Preparation time: Allow at least 3 months to prepare for a program. I’ve done Winter / Holiday programs with 2 months of rehearsals, but those were intense rehearsals and very stressful. (I was once hired as a permanent sub six weeks before the concert and the principal answered me “of course we still want to have a concert!!”) Of course you want your kids to know the songs COLD – ideally memorized so that they won’t have to use song sheets. Ask your 5 and 6th graders to practice the songs for homework. K and 1s will likely happily sing the songs to their parents w/o being asked to.

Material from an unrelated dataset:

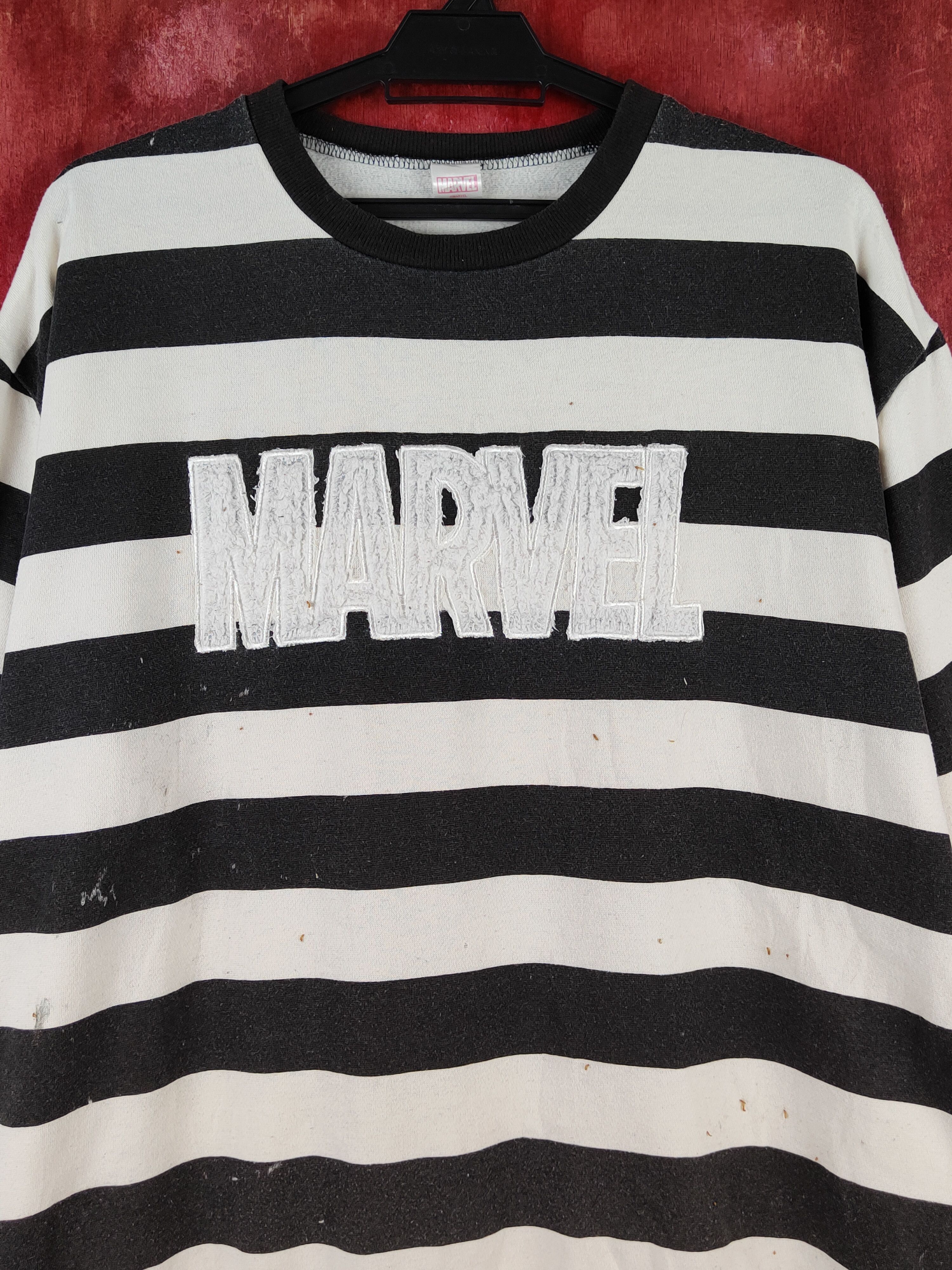 Marvel Comics × Vintage Marvel sandman White Black Stripe prison Sweatshirts #S2115 Size US M / EU 48-50 / 2 - 2 Thumbnail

Introduce the songs part by part, unless it’s a very simple song. Break them down: chant the words rhythmically (with or without a score in the kids’ hands – 5 and 6) then add the melody. When you think they have it, play games: give a rhythm stick to one student and ask the students to each sing a line of the song when they get “the singing stick” or whatever you want to call it! (In Elementary teaching, teachers often use a microphone or “talking stick” as a visual / distraction for getting students to read alone.) …. 55 minutes is a lot of time – lucky you!! Break up the time into 10 or 15 minute increments – even for older kids. That’s a magic number for children of all ages. After that they tend to check out, even if playing a game. You might have the kids listen to a recording of a piece you will teach them — have words or a score in front of them — then have them stand and echo you on rhythmic chanting of the words, or clapping the rhythm of the words.October 1, 2013 at 3:29 pm #29737
Our Kindergarten has performed a Halloween/Fall themed program and a Thanksgiving/Fall themed program in the past. We use short poems and short songs, many of which are familiar tunes that I have changed the lyrics to. Lots of hand motions, props and moving around. This year we are doing a literacy based program, Songs you can Read and Books you can Sing, such as Raffi, Brown Bear (to the tune of Twinkle), Chicka Chicka Boom Boom, Pete the Cat and others. I teach the songs in music class, the teachers reinforce in the classrooms on chart paper and smartboards. The classroom teachers sit in front of the kids during the concert doing hand motions and holding cue cards. I play piano. 55 minutes is a LOOOOOONG time for K music!!!!
Our 1st grade does a Winter Concert which is half them alone and half an audience sing-a-long. 5th and 6th grade can definitely use octavos and traditional varied choral music. Check the Pepper website for their basic library and editors choice selections and the ACDA website.